We have managed to fit some of the take-down data to match
the lognormal probability distribution. To do so, we first
estimated the parameters µ and σ which specify the distribution
using maximum likelihood estimation. To test the
fit, we computed the Kolmogorov-Smirnov test 1000 times
to compute the average maximum difference D between the
model and data.
The lognormal distribution turns out to be a good fit for
the distribution of ordinary phishing sites as well as rockphish
domains and IP address lifetimes. However, it is not
as good of a fit for fast-flux sites. (Fast-flux IP addresses
are typically ignored by take-down procedures, while the
lifetime of fast-flux domains is consistent with a lognormal
distribution but there is too little data to confirm it.) The
table in Figure 4 gives the relevant attributes for each fitted
distribution, and the plot show the lognormal cumulative
probability distributions and the observed data points.
Note that both axes are logarithmic in scale to demonstrate
the goodness-of-fit in the tail of the distribution. It is significant
that the take-down times for these three different
categories of phishing attack can each be modelled by the
same family of fat-tailed distribution, particularly since the
actors responsible for the take-down are different (domain
registrars, ISPs and system administrators).
Lognormal distributions arise whenever outcomes depend
on realising a number of independent, randomly-distributed
preconditions. For example, software failure rates have been
shown to follow a lognormal distribution [11]. This is because
bugs occur in code locations surrounded by many
conditional statements. Similarly, in order to successfully
remove a phishing site, a number of conditions must be met:
the site must be detected, the site may or may not be located
at an ISP used to removing phishing sites, the bank
may or may not have a working relationship with the police
in the jurisdiction where the site is located, and so on.

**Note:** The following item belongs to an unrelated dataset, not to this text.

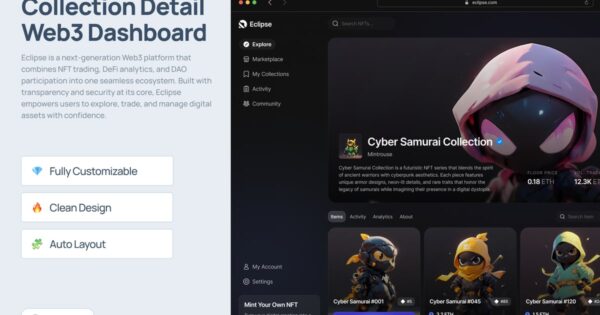 Web3 集合详情页面仪表板 – Eclipse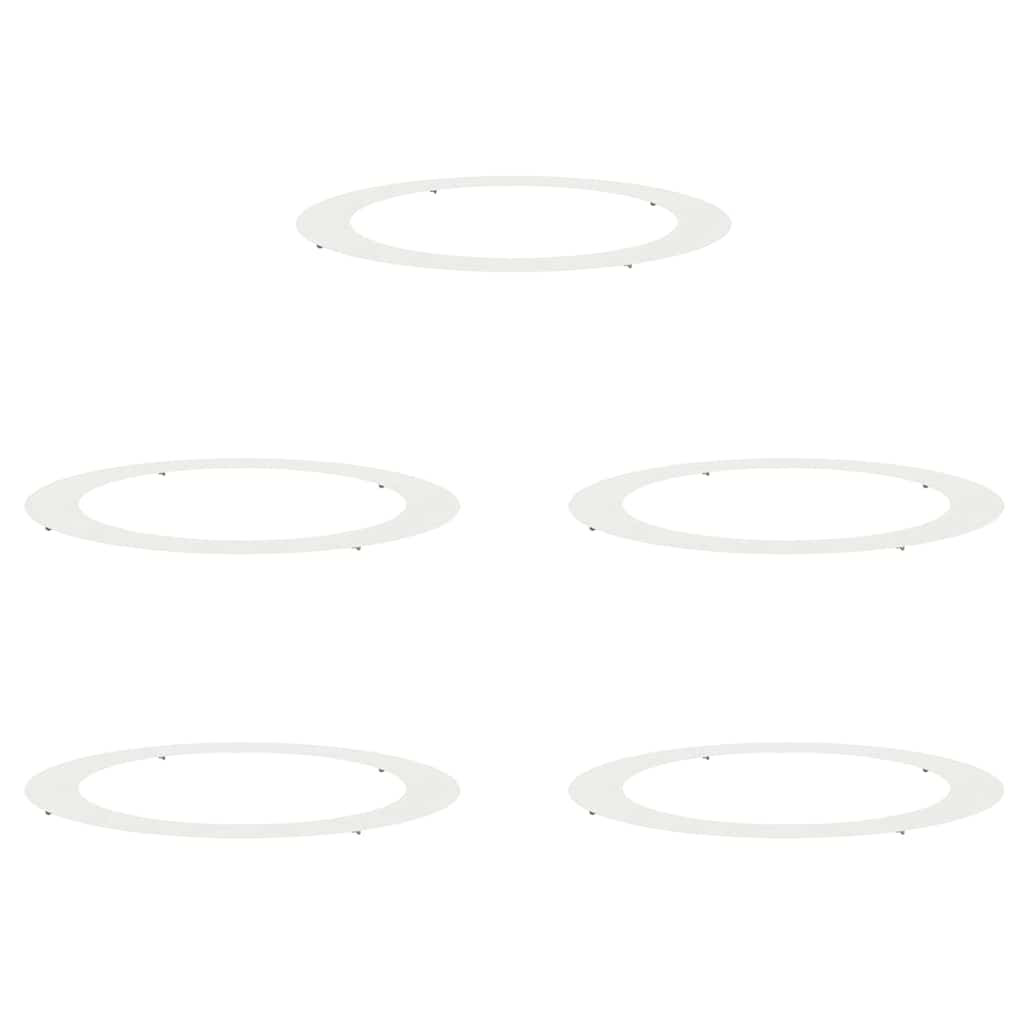 lämplig för Flat Trädringar 5 pcs Vit Ø90 / 120 cm Stål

5.2 User responses to phishing
Having established how long phishing sites remain operational,
we now estimate user-response rates to phishing sites.
We analysed the site usage statistics from 144 phishing sites,
from which we obtained daily snapshots of hit rates broken
down according to URLs. From this list of popular URLs,
we identified the phishing entry and completion pages and
cross-referenced its PhishTank report to establish the earliest
report date. Note that these were all ordinary phishing
sites; the rock-phish gang do not leave logging data visible.
Webalizer also provides a rank ordering of entry pages.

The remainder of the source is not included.